This is, when challenged, usually followed either by evasion or claims that
the other person is immoral. Because obviously, if you don't want to ban all
immoral things, obviously you're immoral.

So some people bring up the founding principles of our nation and the case law
built around it because it's the best kind of common ground - agreed upon
societal basis/"social contract" \- they can think of to explain why some
immoral things should be illegal but some immoral things shouldn't.

------
dificilis
I am going to dispute "it is what it is" as a meaningless cliche, because I
understand it to have a meaning like:

"We all know that this thing is not ideal, but, for various reasons, we are
stuck with how it currently is."

It is acceptable to use this expression if those listening are already aware
of the various reasons why "it" can't be changed.

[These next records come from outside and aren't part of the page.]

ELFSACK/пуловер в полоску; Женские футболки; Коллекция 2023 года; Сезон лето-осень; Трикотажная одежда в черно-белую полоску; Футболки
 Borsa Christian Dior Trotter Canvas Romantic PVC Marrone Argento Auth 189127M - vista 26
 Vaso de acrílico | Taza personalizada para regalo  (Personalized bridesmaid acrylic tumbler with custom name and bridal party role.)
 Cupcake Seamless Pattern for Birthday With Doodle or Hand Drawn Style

It's more a summary of the situation as currently understood, than an argument
in itself.

------
mncharity
> a form of loaded language, commonly used to propagate[sic] cognitive
> dissonance

For anyone curious about the inversion error, the change from "quell" was made
in December by a "the owner of this account has abusively used multiple
accounts". I wonder whether there's tooling for bulk reverts, or if was this
just missed.

------
musicale
"Here we go again" is an example of one of my least favorite phrase classes,
the discussion-killer.

------
iconjack
"Rape is rape"